Just when I’m ready to kill every single TV chef on the planet… sod it… I’d dig up the corpse of Fanny Craddock just to insult the bones… along comes someone so cheery, so down to earth and so skilled that I (nearly) fall in love with the format all over again. Yep, Raymond Blanc’s Kitchen Secrets (BBC Two, Monday, 15 February, 8.30pm) arrived on our televisions last night and slapped a great big stupid grin on my face.
Most cookery programmes really grind my gears because, behind the pantomime ‘passion’ there’s a feeling of judgement. The constant talk of organic this and locally sourced that, underlines that any other way is Doing It Wrong.

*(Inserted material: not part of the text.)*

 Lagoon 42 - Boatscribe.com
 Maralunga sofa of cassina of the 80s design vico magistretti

Cookery shows were once friendly faces peering out of the TV with tips… now they’re exercises in passive-aggressive preachings that are beginning to outstay a welcome in our homes.
So while Gordon Ramsay swears at potatoes, Jamie Oliver scats at pork belly and Hugh Fearnley Whittingstall cuddles chickens to death… our Raymond forgets all of that in favour of simply loving the food he’s showing off.

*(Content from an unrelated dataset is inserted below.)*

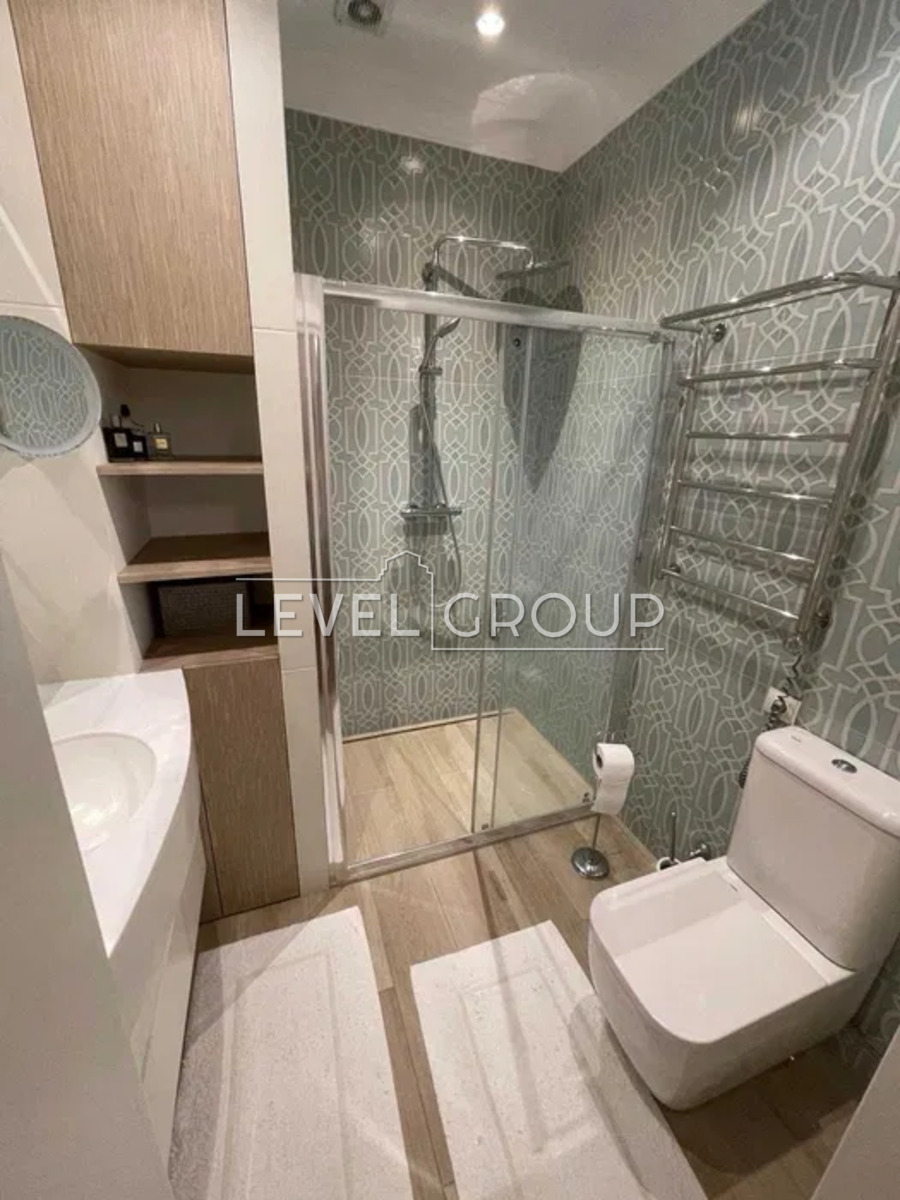 Академіка Кащенка вул., 10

Of course, Raymond is a legendary and on the strength of last night, it’s very easy to see why. Sure, the food he was making was aspirational… but there was something about the way he went about… say, for example… assembling a cup and saucer from chocolate filled with cool stuff, that made me feel like I could do it myself – which is surely the point of any cookery show.
Raymond displayed his most brilliant facet – a complete lack of ego.
That’s right! In amongst the dazzling stuff that made me look at Blanc like a real maverick, he also managed to make himself look like a bumbling idiot. Between the fine ingredients and skills, he talked to himself, dropped his whisk in the sauce and moaned about equipment that he’d put his name to before laughing like a drain.
The whole show was held together in the most free-and-easy of ways and didn’t feel so much like watching a TV show, but rather, like we’d just wandered in the back door of a restaurant and caught a chef at work.
As a result, this show was very, very enjoyable and well worth watching whether you fancy tackling the recipes yourself or not. Wonderfully eccentric and very decent telly. Voila!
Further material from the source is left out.